Forensic students step into investigator’s “shoes”


Creating shoe print molds in class, students learn more about collecting forensic evidence. Students learned how to identify class and individual characteristics in shoe prints just like investigators do in real life. "I like labs because they are really cool and it encourages the science nerd inside of me," Walker Pinson (12) said

A new day, a new lesson plan and a new lab.  Forensic students get the opportunity to turn classroom learning objectives into real-world experiences.  This week, students’ knowledge took a step forward when doing their shoe print and impression investigation lab.  

Throughout the year, labs are presented and allow students to get into the mind of an investigator.  In this lab, all students took part in the creation of their own patent shoe print and created a 3-D shoe impression mold.  

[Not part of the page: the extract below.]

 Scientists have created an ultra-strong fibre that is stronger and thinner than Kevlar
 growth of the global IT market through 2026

Students had the option to participate in stations; the patent shoe print lab and a three dimensional shoe impression mold. 

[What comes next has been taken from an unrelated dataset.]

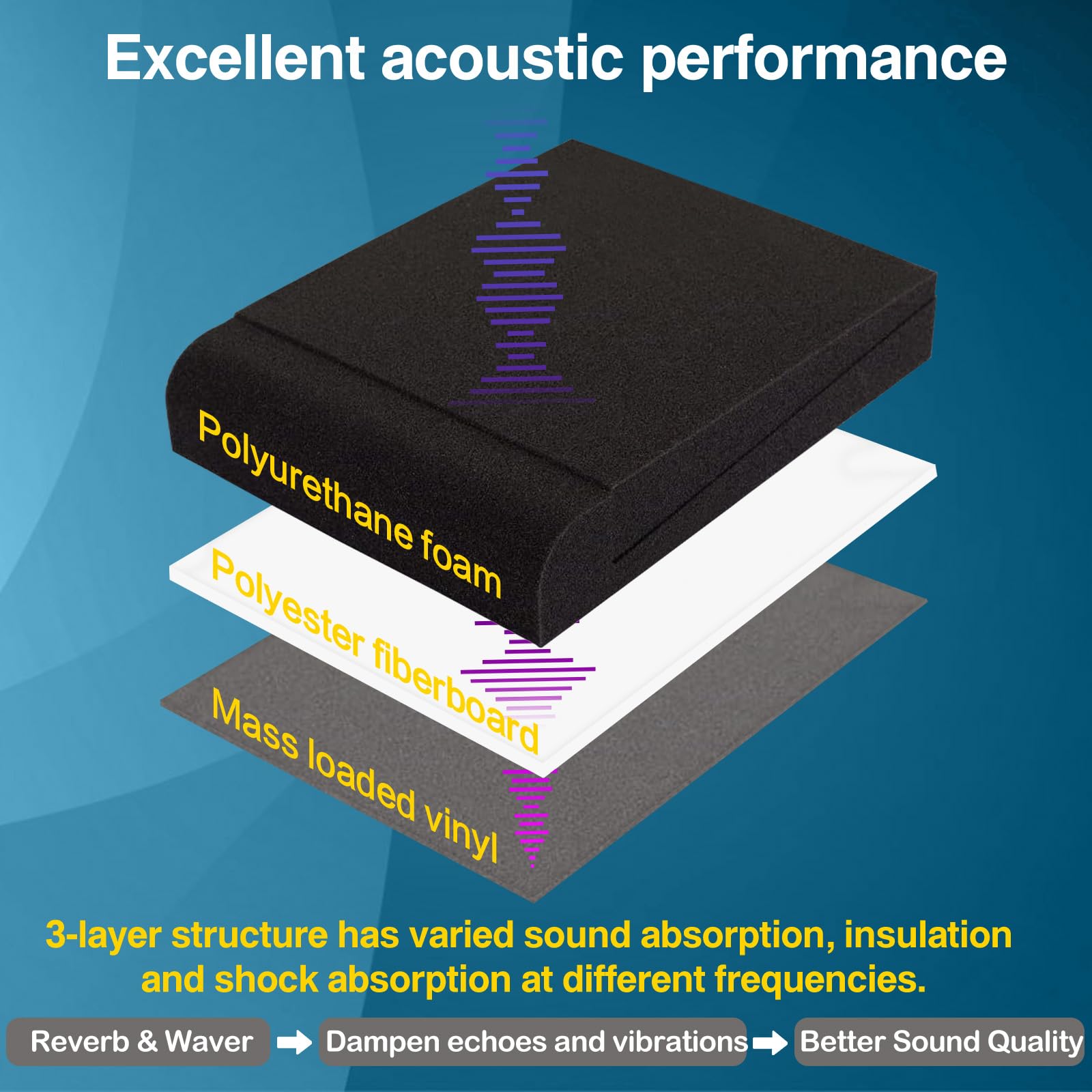 Qdvdq 2 Pack Studio Monitor Isolation Pads, Innovative 3 Layer Construction, Acoustic Speaker Isolation Pads, Angled Speaker Foa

“It is better than doing book work,” Madison Chandler (12) said. “It is cool that the labs we do are actually used in solving crimes in real life.”

Before the students started the patent shoe print lab, they picked up a special piece of paper.  This paper records the description of the shoe, any notable individual characteristics, and the material of the back of the paper even allowed for a reaction to display a two dimensional shoe print when stepped on with invisible ink.  These papers would be used as a reference sample in the real world. 

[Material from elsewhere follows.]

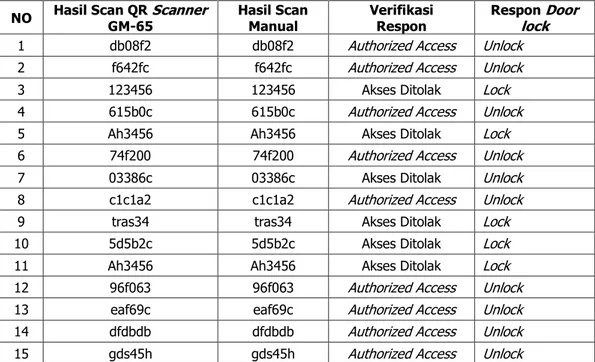 Tabel 1. Pengujian Hasil Scan QR code untuk Buka Kunci Pintu  NO  Hasil Scan QR  Scanner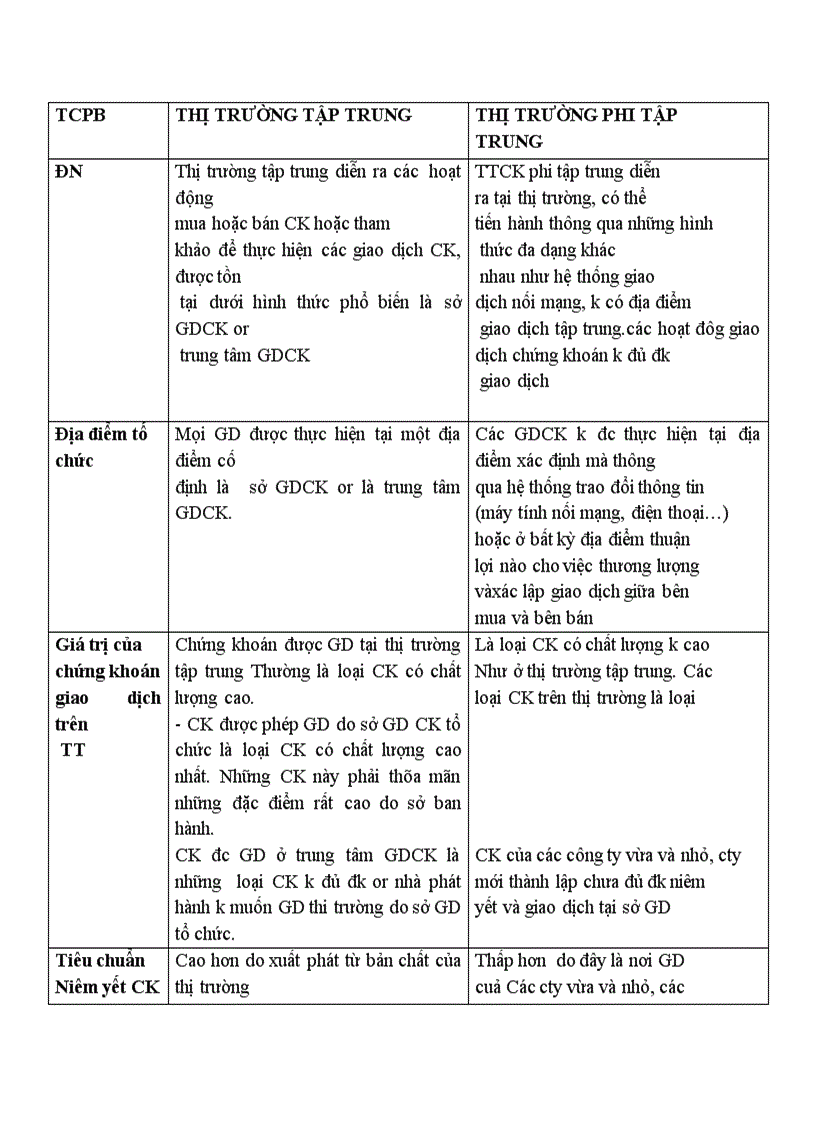 image for page Pháp luật về thị trường chứng khoán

When students got to the three dimensional shoe print station, they were given a tray to make a mixture of sand and water.  This tray was then set on the ground for a student to place their foot in to make a shoe impression. This made an indention in the sand.  The shoe impression was coated in hairspray to not let the sand stick to the finished mold and the tray was then filled with plaster molding.  The students even got to make their own molding, making sure it was the consistency of pancake batter. This mixture was then poured next to the shoe impression and filled the tray.  Toothpicks were placed on top and the mold was given time to harden.

“The labs have helped me explore opportunities in other fields I never knew about,” Ace Miller (12) said.  

The students even got the additional option to participate in creating a patent shoe print out of fake blood.  These prints were made by painting the bottom of a student’s shoe with fake blood, then walking on a long sheet of white paper.  The idea behind this was to see how bloody shoe prints at a crime scene might look and how investigators would identify the class and individual characteristics from these prints.  

Overall, labs help several students learn subjects better through hands-on activities. Through trial and error, they learn how hard a job in forensic evidence can be.  However sometimes challenging, there is no doubt that students leave the classroom with more of a forensic investigator mindset.